T.W. violence, abuse.

The law in most countries is skewed to favour the perpetrator.

Other than when you are dead, any act of violence against you has to be proven by you, the victim.

While I understand that people, especially famous powerful people can become victims of scams and false allegations, according to research conducted, those cases are few and far between.

In the case of George Floyd and Breonna Taylor, as harsh as it may sound, there are bodies to “prove” something bad happened to them. That they were murdered. In this country, people like the late Collins Khosa, who was brutally murdered by army personnel during the lockdown, it seems that a dead body isn’t enough.

Witnesses who testified that he was innocently drinking a beer in his house is not enough to sway the authorities to take action against those that killed him. The authorities want to know what he did prior to being killed. Short of video evidence detailing his movements from the time he woke up, it’s doubtful that his wife and family will have the closure they seek. It is after all only a black body and there’s much more of those around.

Black people like the ones that I have mentioned don’t matter. Bodies lying in a mortuary is not enough evidence that somehow the victim didn’t “provoke” the punishment meted out on them even if they were asleep at the time like Breonna Taylor.

The burden to prove their innocence is in their lifeless bodies. The secrets they had or illegal life they lived before they were murdered matters.

Somehow, society has become immune to murder. Let me rephrase that, somehow, society has become immune to black people being murdered. The belief that black and brown people live violent lives makes their murder justifiable.

We have vast amounts of monies being spent trying to find who abducted and killed Madeleine McCann but we have no resources available when it comes to video footage of black people being killed. Not that I am in any way, shape, or form excusing Madeleine’s abduction.

A part of me does feel somehow that we as a society are more forgiving of white people’s crimes and definitely do not blame them when they are victims of crimes.

The violent narrative of black and brown people being tougher, able to endure more physically and emotionally is wrong.

Black and brown people have had no choice based on colonialism, slavery, and Apartheid to suffer violent torture or death and discursive racism in media continues to report just how much suffering was self-inflicted. Even if as in Breonna’s instance, they are asleep, the questions will still arise about what she did before she fell asleep or in her life as a whole.

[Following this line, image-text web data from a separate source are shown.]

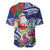 Guam Christmas Baseball Jersey Poinsettia With Bougainvillea - Felis Pasgua!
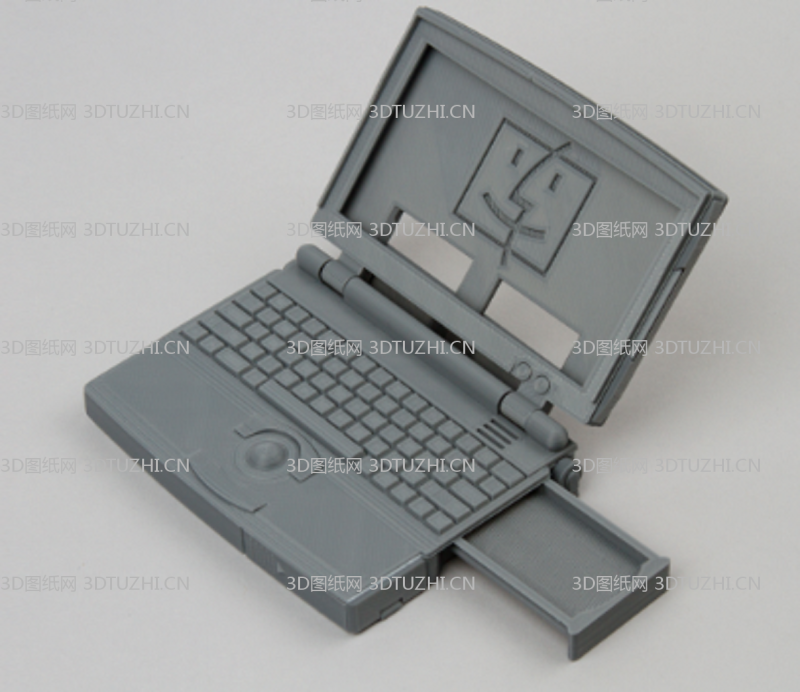 苹果笔记本-3D图纸网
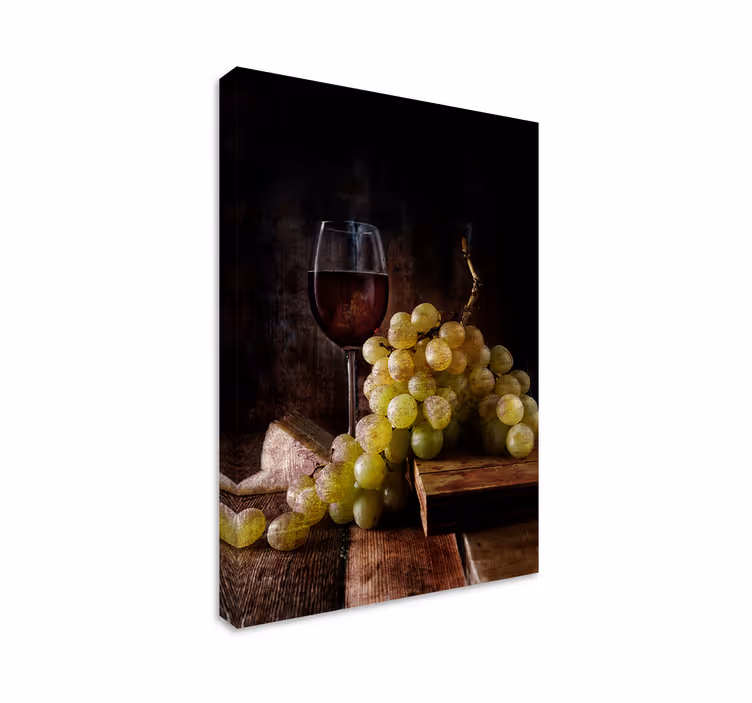 Cuadro bodegones racimo de uvas elegante - TenVinilo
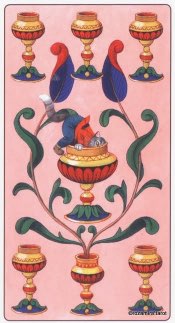 Tarotkaart 'Zeven van Kelken'
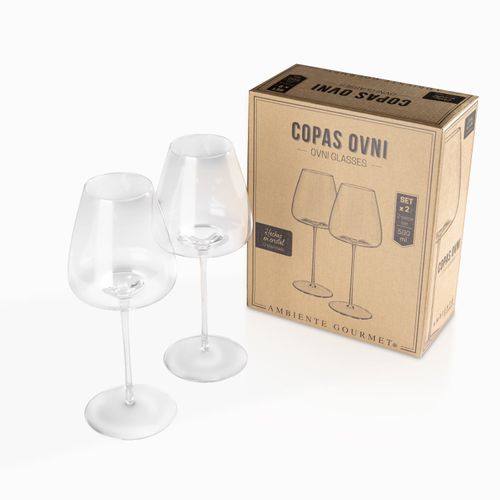 Copa ovni en cristal 500ml set x 2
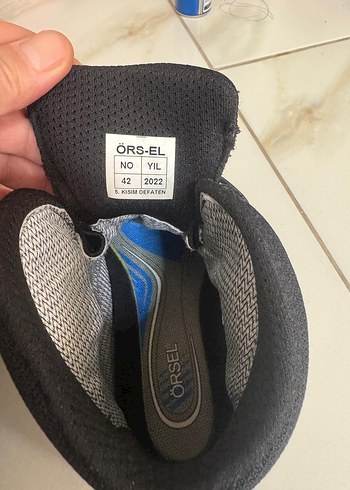 Siyah  Erkek Biker Bot - Görsel 3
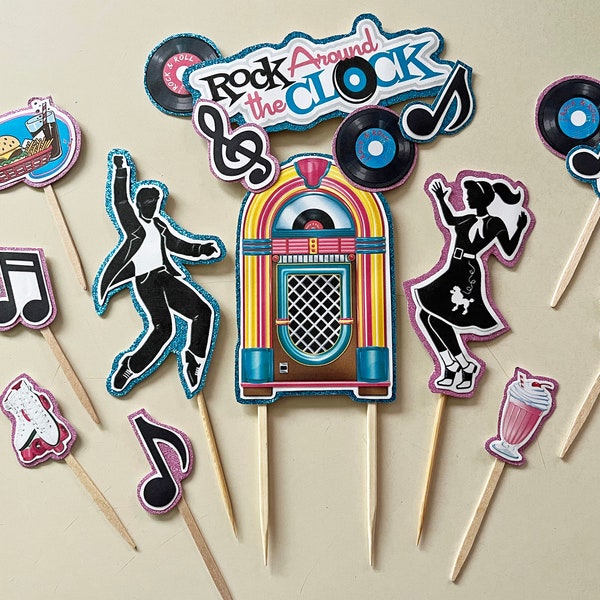 50's Theme * Cake Toppers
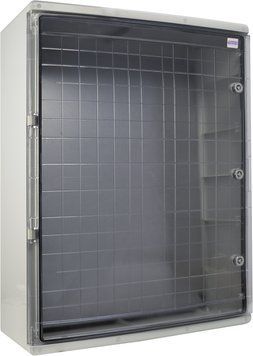 Корпус з АБС-пластику; з монтажною панеллю; прозорі дверцята; 60*80*28; ІР65; серіїUBox A0270010033 фото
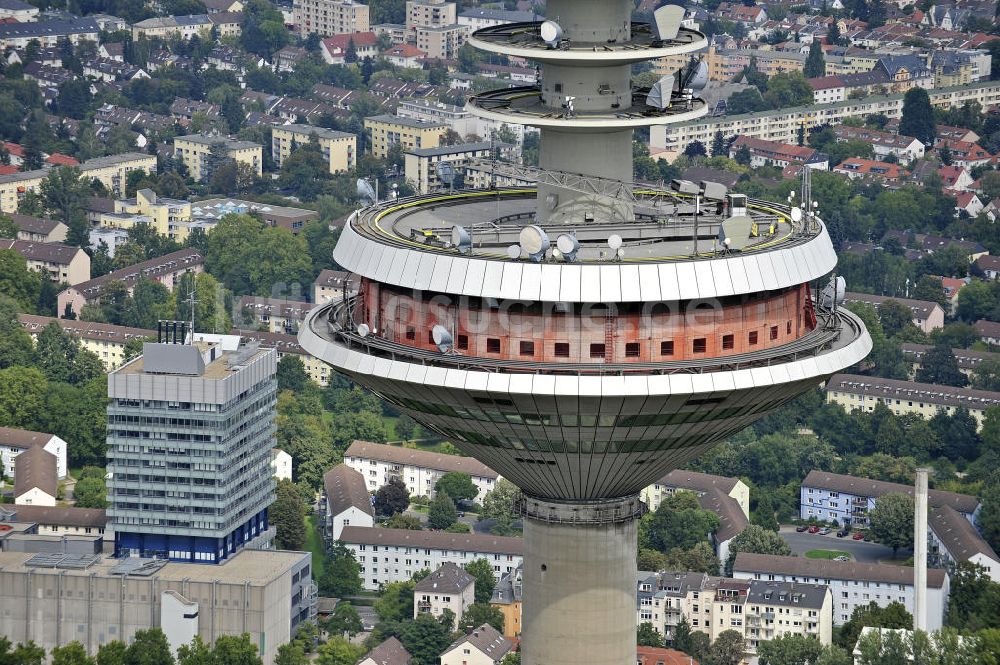 Luftbild Frankfurt am Main - Europaturm Frankfurt / Main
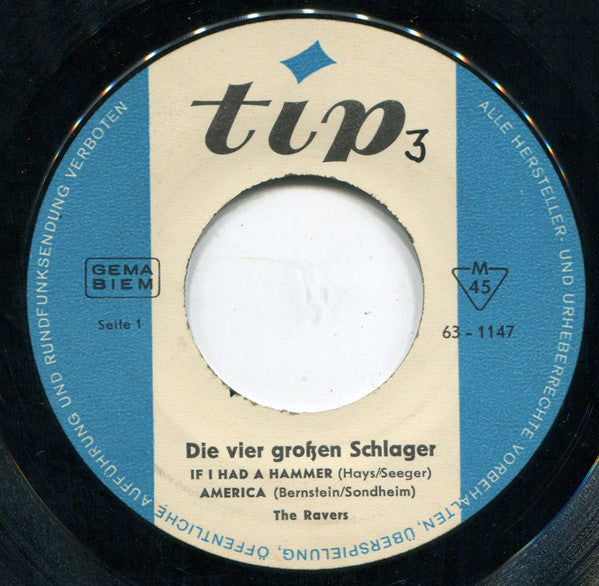 The Ravers (4) : 4 Große Schlager (7", EP)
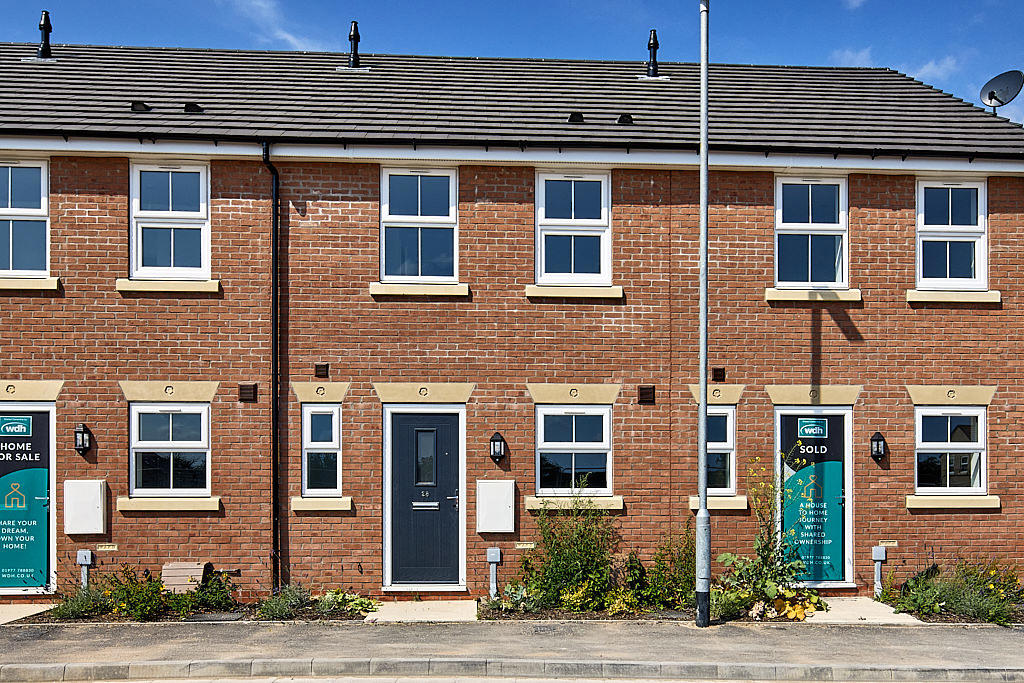 Image of the front of the properties at Old Millers Rise, Leven.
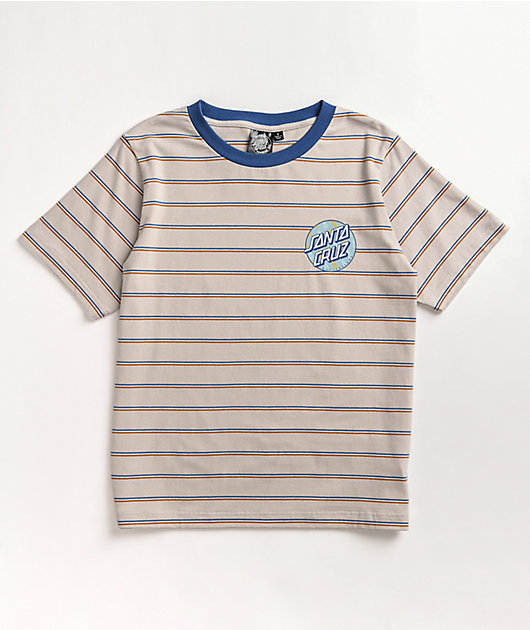Santa Cruz Tropic Dot Clement Stripe T-Shirt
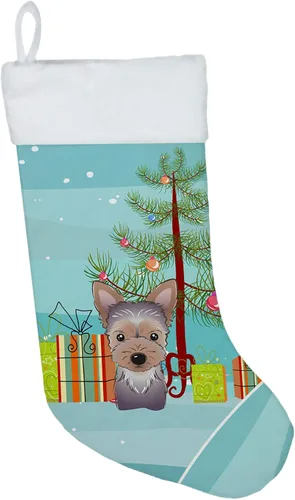 Miniatura 12 de Caroline's Treasures BB1590CS Árbol de Navidad y Alaskan Malamute Calcetines de Navidad para colgar en la chimenea, decoración de fiesta de Navidad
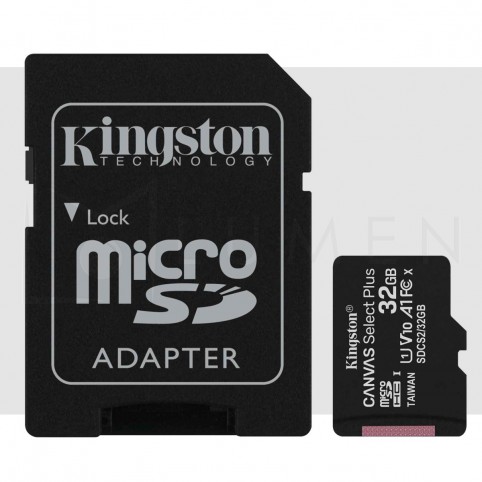 32GB Memoria MicroSD Kingston Clase 10 100MB/s con Adaptador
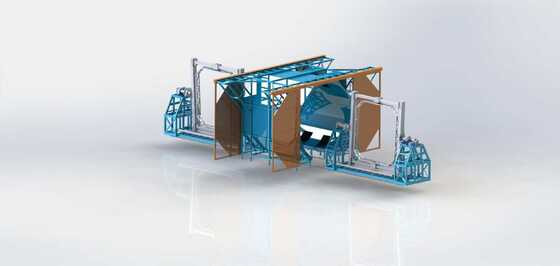 Grandi macchine di stampaggio a iniezione di tipo shuttle per macchine di stampaggio a rotazione ad alta efficienza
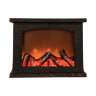ULD-L2821-005-DNC-RED BLACK FIREPLACE Светильник светодиодный Камин с эффектом пламени, питание от батареек 3АА не в-к или USB в-к, 28х21см, 5 светодиодов, Корпус черный, TM Uniel - фото 1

Unlike violent mass murderers and racist police officers, these three people, to name but a few were innocent and did not deserve what happened to them. But as investigations continue, if there are investigations, it would seem that the investigations are more about trying to discover faults and failings in the victim’s life than finding evidence of homicide. Investigators are more interested in delving into the victim’s past than delving into the perpetrator’s past.

This should be indicative of a society that doesn’t care about black lives and definitely not the black lives that were taken by white people.

Black on black crime seems more acceptable than white on black because, despite overwhelming evidence to the contrary of white people being violent all through the centuries, that news remains archived and only the black victims lying in their own blood, needs to provide enough evidence to vindicate themselves.

What happened to everyone is equal before the law?

What happened to evidence that is readily available that can be used to arrest criminals of these crimes?

I’ll tell you what happened, the burden of proof has shifted to the black and brown victim and because they are no longer alive, they can’t speak for themselves so justice if any is delayed or denied.